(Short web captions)
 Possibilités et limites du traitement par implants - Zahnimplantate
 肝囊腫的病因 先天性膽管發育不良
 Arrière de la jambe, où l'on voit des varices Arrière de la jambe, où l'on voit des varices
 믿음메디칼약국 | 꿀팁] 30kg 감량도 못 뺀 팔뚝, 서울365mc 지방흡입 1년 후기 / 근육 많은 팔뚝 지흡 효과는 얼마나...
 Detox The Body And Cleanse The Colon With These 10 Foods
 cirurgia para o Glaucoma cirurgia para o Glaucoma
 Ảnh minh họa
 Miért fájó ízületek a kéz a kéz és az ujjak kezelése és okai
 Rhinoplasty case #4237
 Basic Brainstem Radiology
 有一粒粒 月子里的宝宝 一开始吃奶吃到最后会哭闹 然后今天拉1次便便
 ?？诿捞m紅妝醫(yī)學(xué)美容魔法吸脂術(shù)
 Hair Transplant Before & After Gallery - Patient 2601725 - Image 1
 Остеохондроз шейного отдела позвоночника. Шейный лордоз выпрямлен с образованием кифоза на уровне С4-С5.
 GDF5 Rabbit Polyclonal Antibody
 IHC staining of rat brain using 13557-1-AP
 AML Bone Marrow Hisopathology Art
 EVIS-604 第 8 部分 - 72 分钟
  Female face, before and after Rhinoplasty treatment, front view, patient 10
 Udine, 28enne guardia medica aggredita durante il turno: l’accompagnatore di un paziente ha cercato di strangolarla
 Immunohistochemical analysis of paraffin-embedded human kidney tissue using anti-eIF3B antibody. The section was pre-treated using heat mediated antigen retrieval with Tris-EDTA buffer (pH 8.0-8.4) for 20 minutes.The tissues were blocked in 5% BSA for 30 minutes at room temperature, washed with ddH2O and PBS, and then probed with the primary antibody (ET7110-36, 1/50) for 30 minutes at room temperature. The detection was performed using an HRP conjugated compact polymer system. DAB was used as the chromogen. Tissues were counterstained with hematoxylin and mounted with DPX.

▸ **Exercise aim**
Each entry is to be given again, exactly as it stands.

▸ **Task result**
 Possibilités et limites du traitement par implants - Zahnimplantate
 肝囊腫的病因 先天性膽管發育不良
 Arrière de la jambe, où l'on voit des varices Arrière de la jambe, où l'on voit des varices
 믿음메디칼약국 | 꿀팁] 30kg 감량도 못 뺀 팔뚝, 서울365mc 지방흡입 1년 후기 / 근육 많은 팔뚝 지흡 효과는 얼마나...
 Detox The Body And Cleanse The Colon With These 10 Foods
 cirurgia para o Glaucoma cirurgia para o Glaucoma
 Ảnh minh họa
 Miért fájó ízületek a kéz a kéz és az ujjak kezelése és okai
 Rhinoplasty case #4237
 Basic Brainstem Radiology
 有一粒粒 月子里的宝宝 一开始吃奶吃到最后会哭闹 然后今天拉1次便便
 ?？诿捞m紅妝醫(yī)學(xué)美容魔法吸脂術(shù)
 Hair Transplant Before & After Gallery - Patient 2601725 - Image 1
 Остеохондроз шейного отдела позвоночника. Шейный лордоз выпрямлен с образованием кифоза на уровне С4-С5.
 GDF5 Rabbit Polyclonal Antibody
 IHC staining of rat brain using 13557-1-AP
 AML Bone Marrow Hisopathology Art
 EVIS-604 第 8 部分 - 72 分钟
  Female face, before and after Rhinoplasty treatment, front view, patient 10
 Udine, 28enne guardia medica aggredita durante il turno: l’accompagnatore di un paziente ha cercato di strangolarla
 Immunohistochemical analysis of paraffin-embedded human kidney tissue using anti-eIF3B antibody. The section was pre-treated using heat mediated antigen retrieval with Tris-EDTA buffer (pH 8.0-8.4) for 20 minutes.The tissues were blocked in 5% BSA for 30 minutes at room temperature, washed with ddH2O and PBS, and then probed with the primary antibody (ET7110-36, 1/50) for 30 minutes at room temperature. The detection was performed using an HRP conjugated compact polymer system. DAB was used as the chromogen. Tissues were counterstained with hematoxylin and mounted with DPX.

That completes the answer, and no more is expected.